District information
- Grades: PK–12
- Established: 1991
- Accreditation: AdvancED
- Schools: 4
- NCES District ID: 0508400

Students and staff
- Students: 1,360
- Teachers: 99.33 (on FTE basis)
- Student–teacher ratio: 13.69
- District mascot: Raiders
- Colors: Purple Silver

Other information
- Website: riverviewsd.org

= Riverview School District (Arkansas) =

School district in Arkansas, United States

Riverview School District is a public school district based in Searcy, Arkansas, United States. The Riverview School District provides early childhood, elementary and secondary education for more than 1,300 pre-kindergarten through grade 12 students throughout southeast White County at its campuses in eastern Searcy, Kensett, Judsonia; it serves a far eastern portion of Searcy and almost all of Judsonia. It also serves Griffithville.
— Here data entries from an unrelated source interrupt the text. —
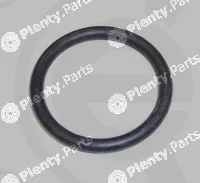 Elring 717.730 — Seal Ring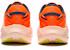 Saucony Phoenix Inferno 3 'Jingga' S28188-6
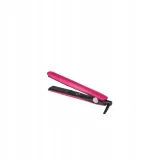 prostownica-ghd-s7n261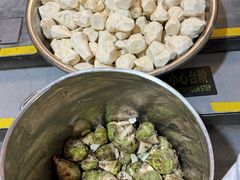 -蒋记私家汤(文化城一分店)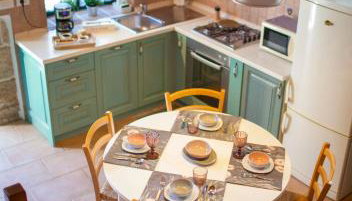 Dvor strica Grge - Foto 5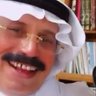 Profilbild von قلم رصاص ٦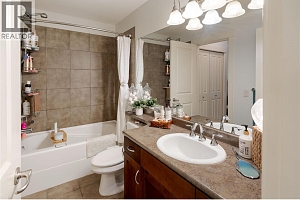 3521 Carrington Road Unit# 205 - Photo 16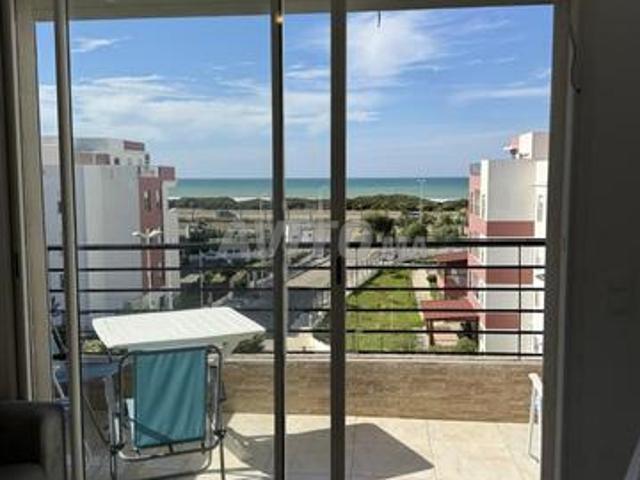 Appartement vente à Tangero, Tanger-Tétouan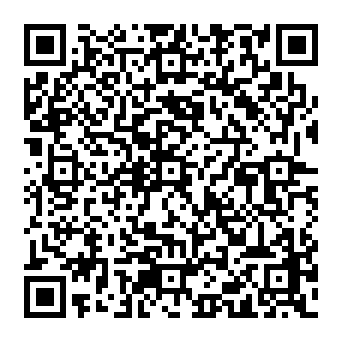 QR 1587690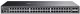 Omada SG5452X 48-Port Gigabit Stack Lite L3 Mgd. Switch 4  10G 5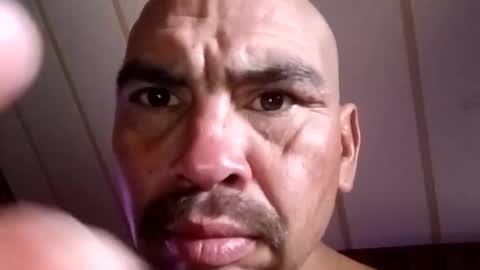 Cloudznpointzsex online show from January 8, 6:57 pm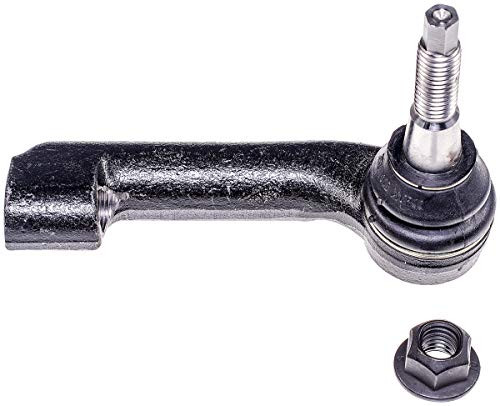 DORMAN TO85042 TIE ROD END - OUTER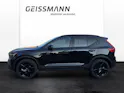 Volvo XC40 2.0 B4 MH Black Edition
Riverview School District is accredited by the Arkansas Department of Education (ADE) with the high school and junior high accredited by AdvancED since 1995.

==History==
The district is the result of a consolidation, effective July 1, 1991, of the Judsonia, Kensett, and Griffithville school districts. The Judsonia district included small eastern portion of Searcy.

== Schools ==
- Riverview High School—serving grades 9 through 12 in Searcy.
- Riverview Junior High School—serving grades 7 and 8 in Searcy.
- Kensett Elementary School—grades pre-kindergarten through grade 6 in Kensett.
- Judsonia Elementary School—serving kindergarten through grade 6 in Judsonia.

Previously the Kensett Middle School was in Kensett.